• [Exercise description]:
Once the line with "Lunar Silver Metallic" has been located in the records below, set down that line and all subsequent lines exactly, omitting the pictures.

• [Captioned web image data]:
>>>>>

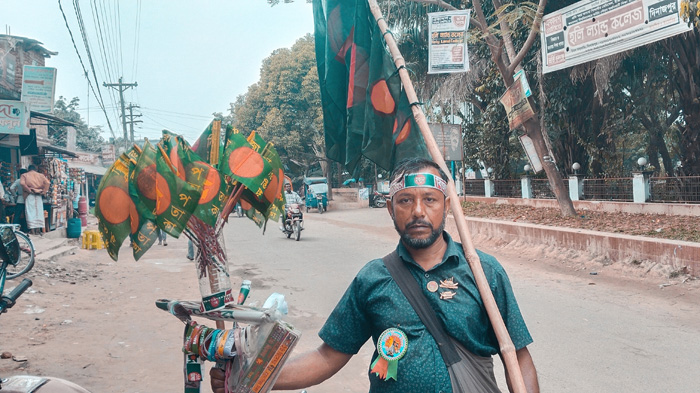 পাঁচবিবিতে মৌসুমী ফেরিওয়ালাদের পতাকা বিক্রির ধুম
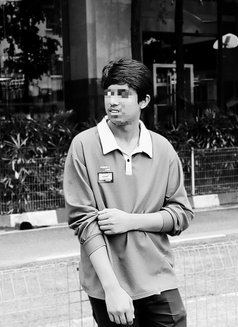 Rasel Chowdhury - Male escort in Tokyo Photo 5 of 7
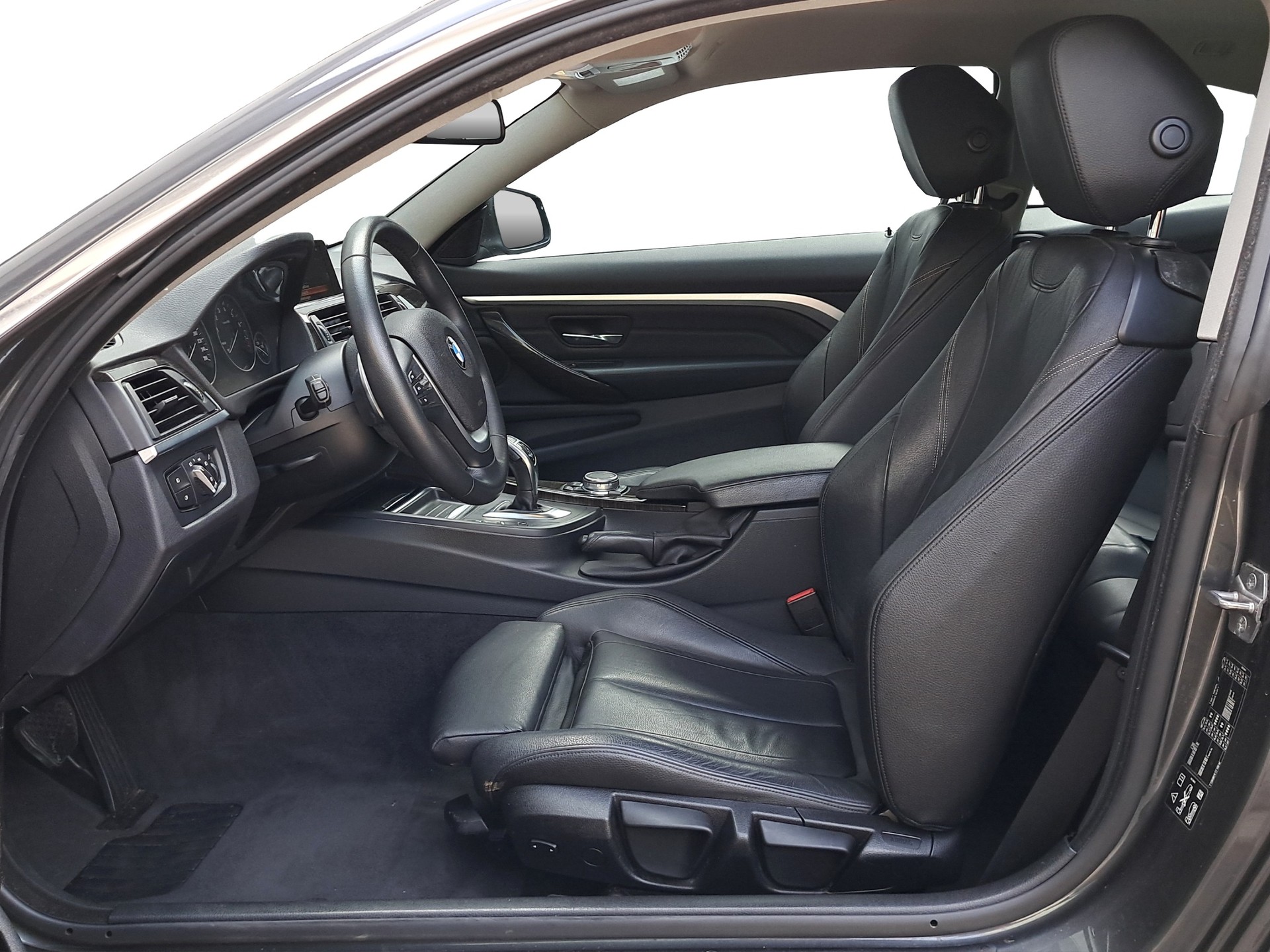 BMW 420i Coupé xDrive Luxury Line Steptronic-image-7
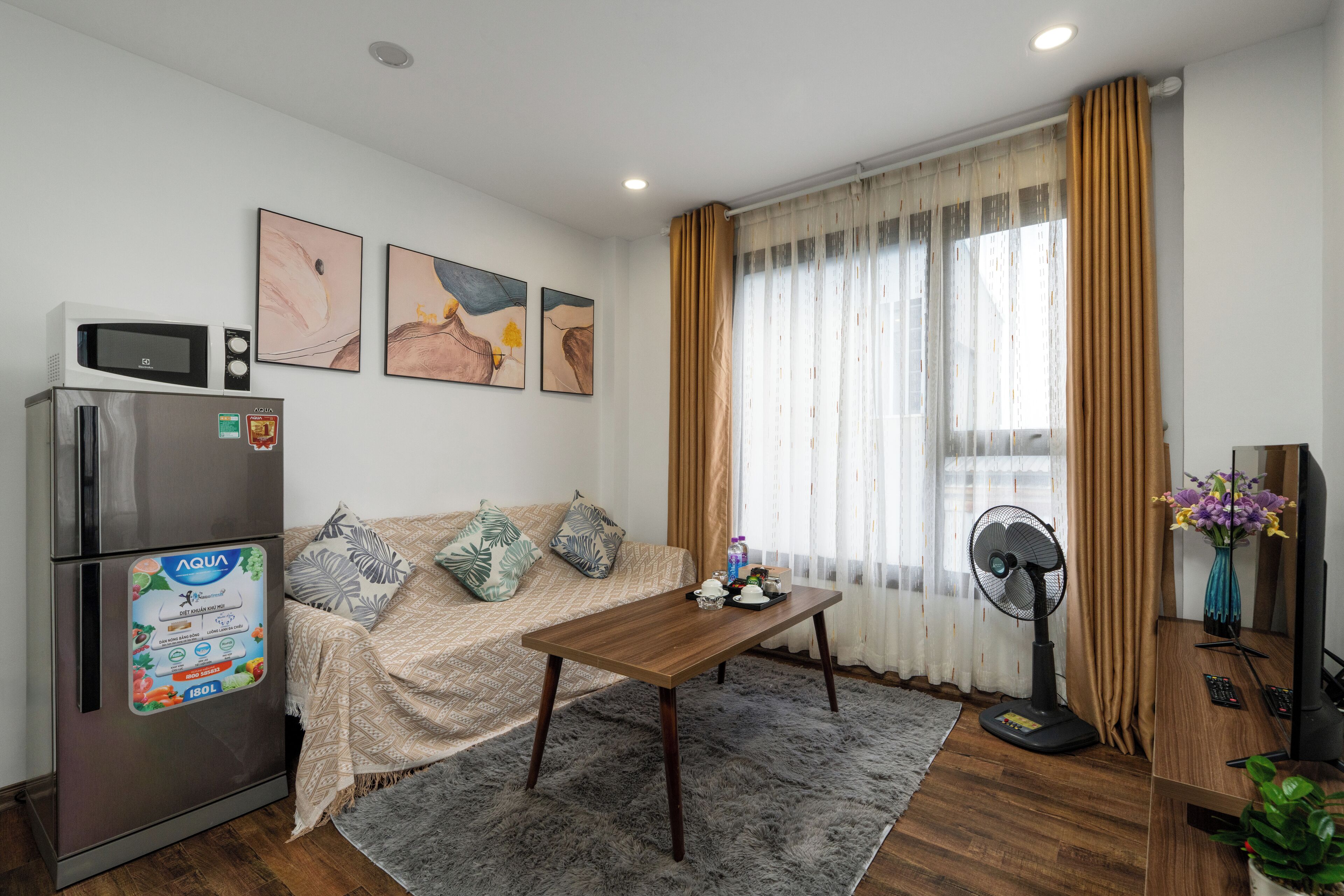 Standardzimmer | Wohnbereich | 35-Zoll-LCD-Fernseher mit Kabelempfang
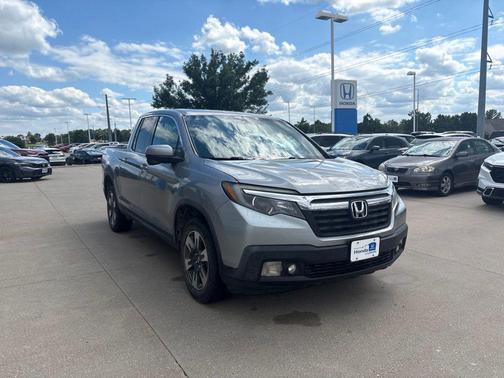 Lunar Silver Metallic 2017 Honda Ridgeline RTL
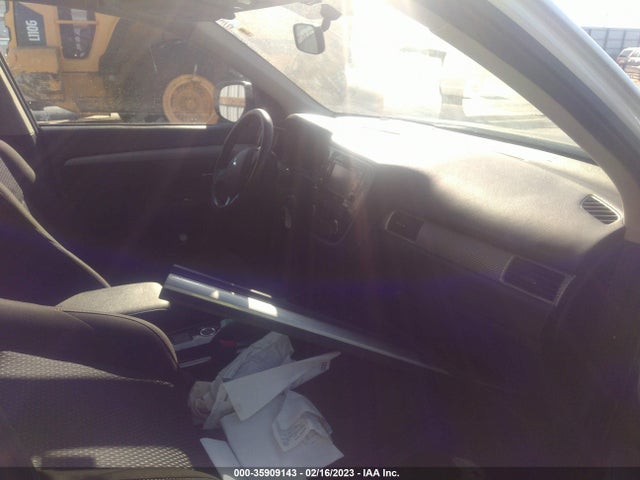 Mitsubishi Outlander 2017 JA4AZ2A37HZ002683 Image 6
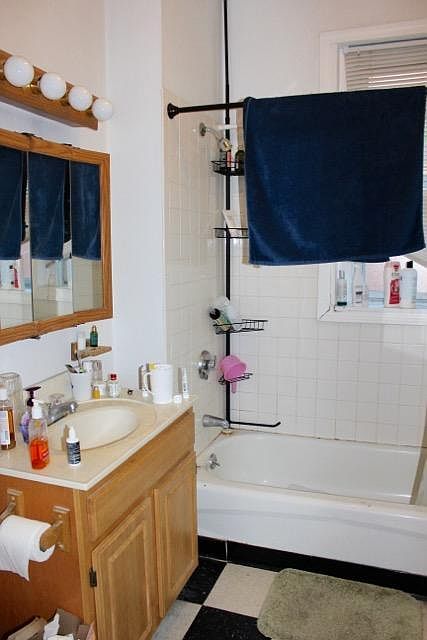 2nd image of 463 Park Dr APT 019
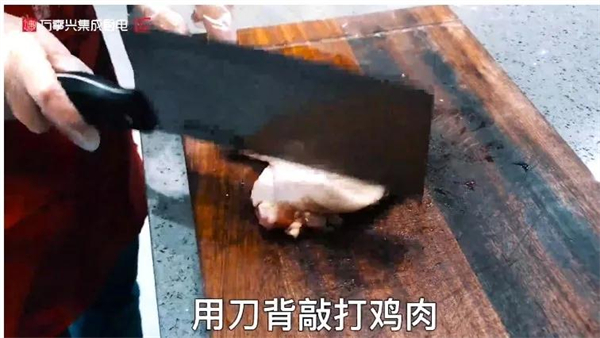 万事兴集成灶丨好吃到舔手指的秘制烤鸡腿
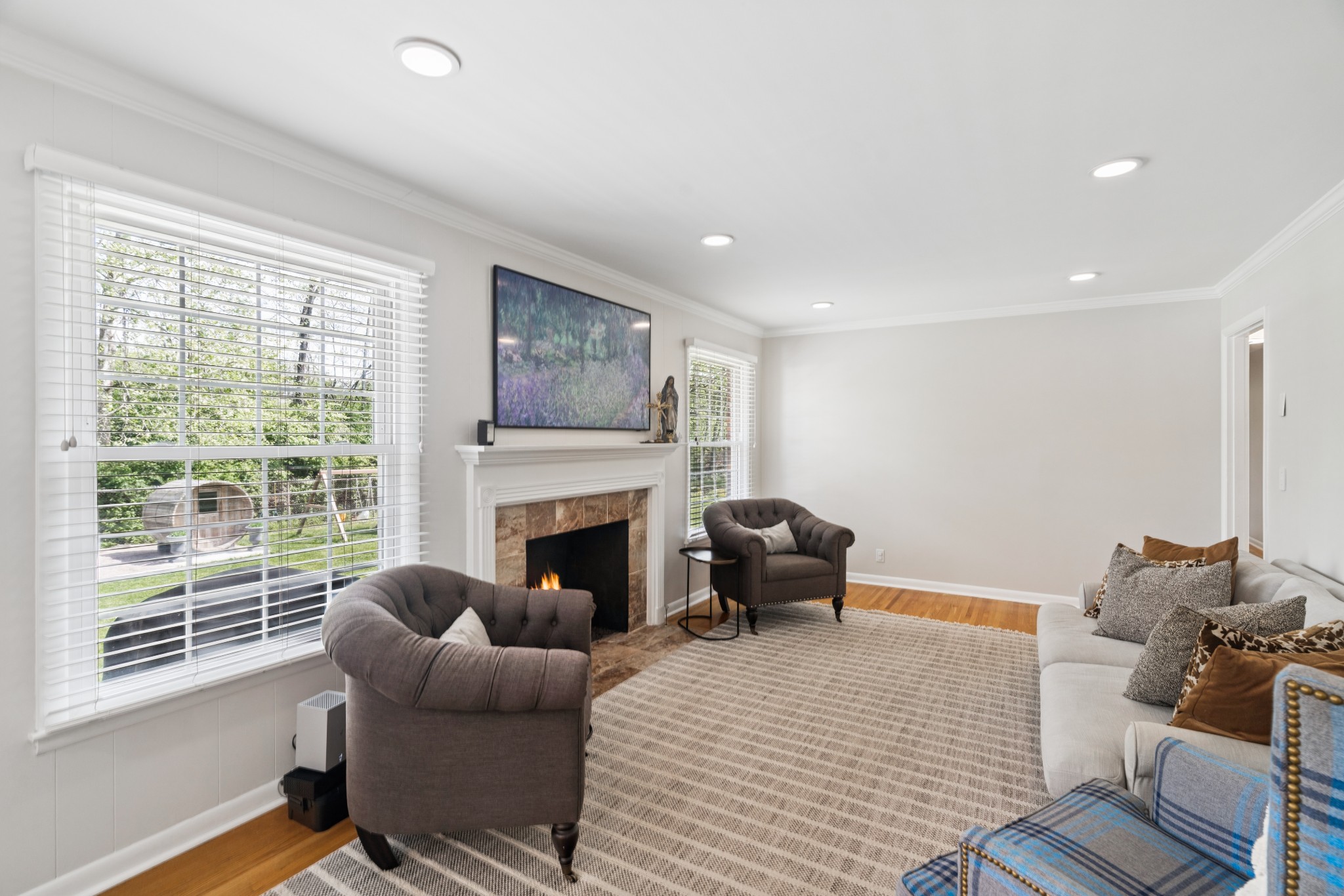 5048 Ragland Dr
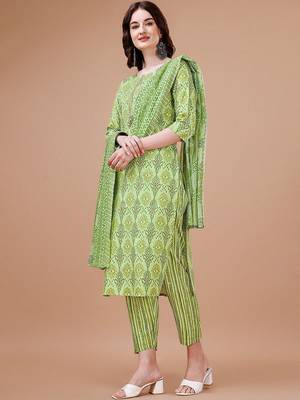 women ethnic motifs printed kurta with trousers & with dupatta 5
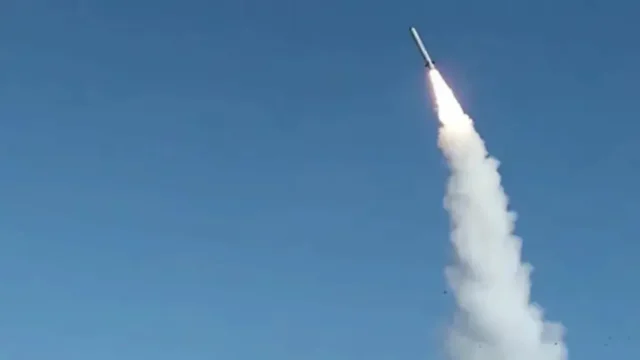 Атаки Росії на Україну: жертви та поранені внаслідок обстрілів 16 серпня За-тиждень-рф-випустила-по-Україні-1550-БПЛА,-майже-1560-авіабомб-та-62-ракети-–.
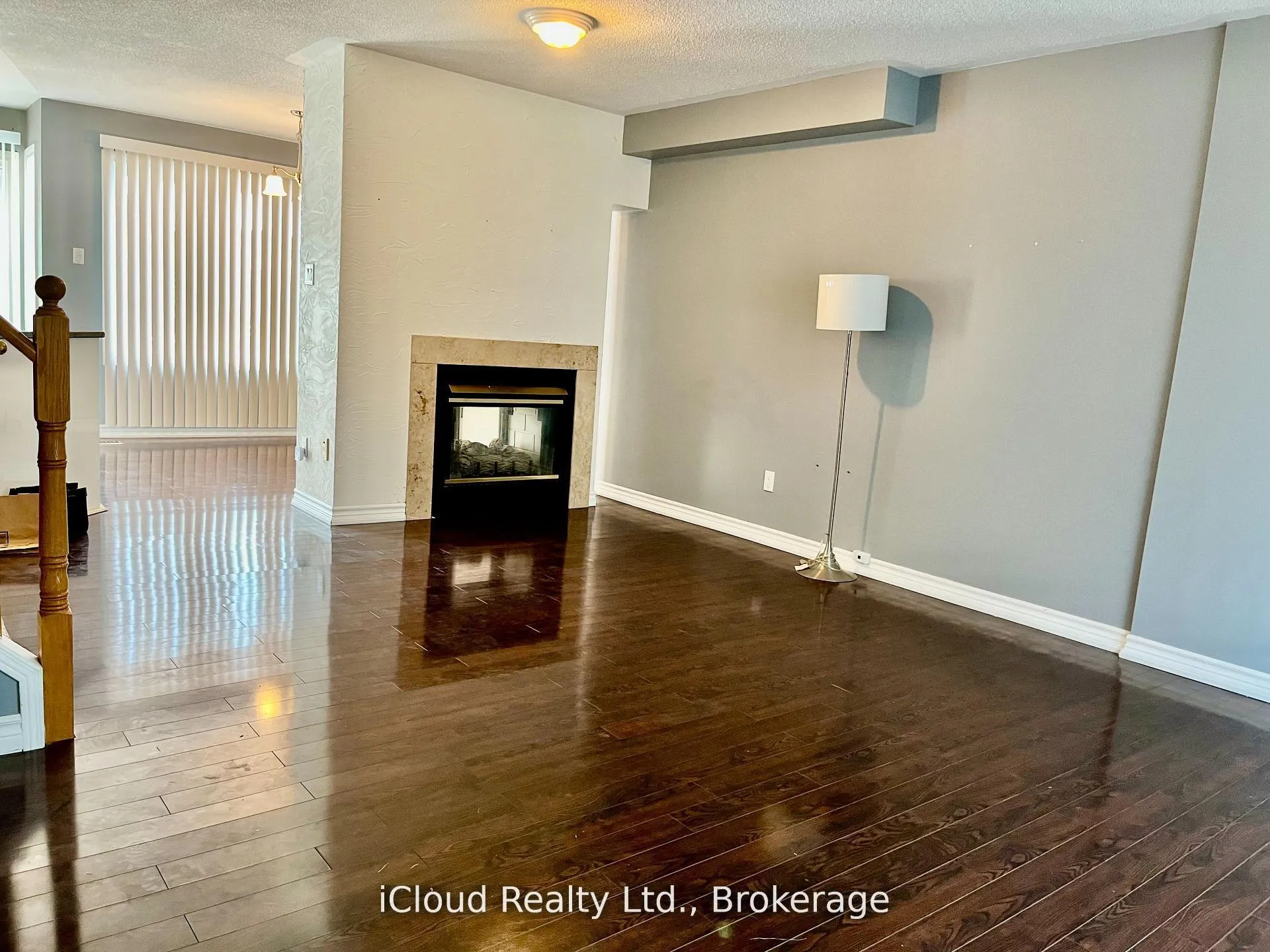 Photo 5 of 40 Glenashton Drive, Oakville, River Oaks — HOMEH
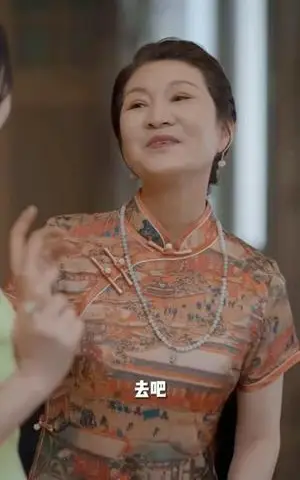 《我的小姨是霸总（夸克网盘）》短剧封面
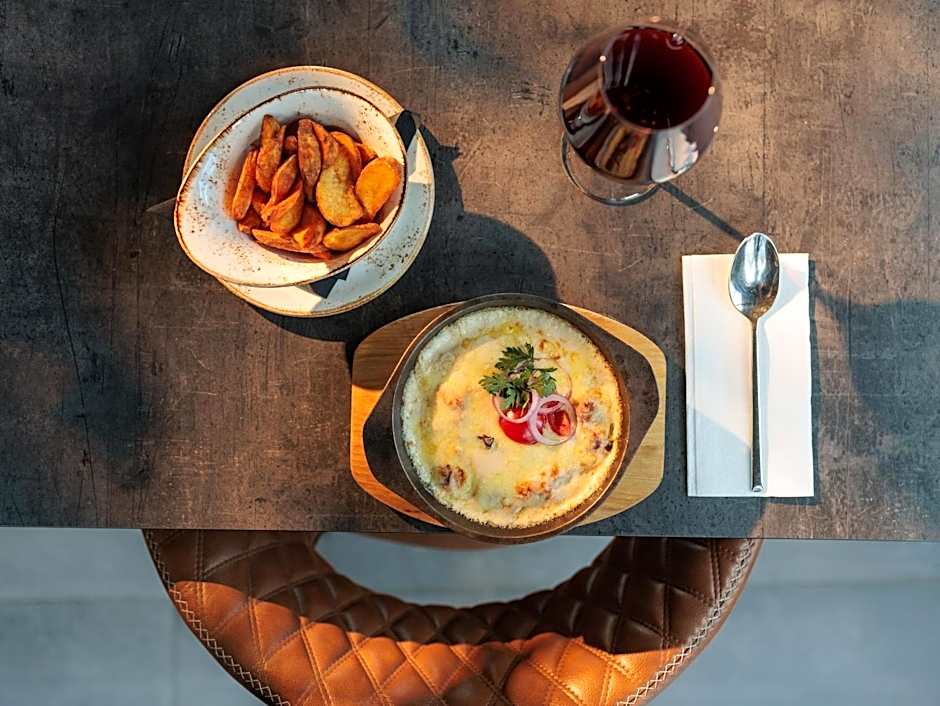 HOTEL ROYAL MOUNTAIN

<<<<<

• [Exercise output]:
 Lunar Silver Metallic 2017 Honda Ridgeline RTL
 Mitsubishi Outlander 2017 JA4AZ2A37HZ002683 Image 6
 2nd image of 463 Park Dr APT 019
 万事兴集成灶丨好吃到舔手指的秘制烤鸡腿
 5048 Ragland Dr
 women ethnic motifs printed kurta with trousers & with dupatta 5
 Атаки Росії на Україну: жертви та поранені внаслідок обстрілів 16 серпня За-тиждень-рф-випустила-по-Україні-1550-БПЛА,-майже-1560-авіабомб-та-62-ракети-–.
 Photo 5 of 40 Glenashton Drive, Oakville, River Oaks — HOMEH
 《我的小姨是霸总（夸克网盘）》短剧封面
 HOTEL ROYAL MOUNTAIN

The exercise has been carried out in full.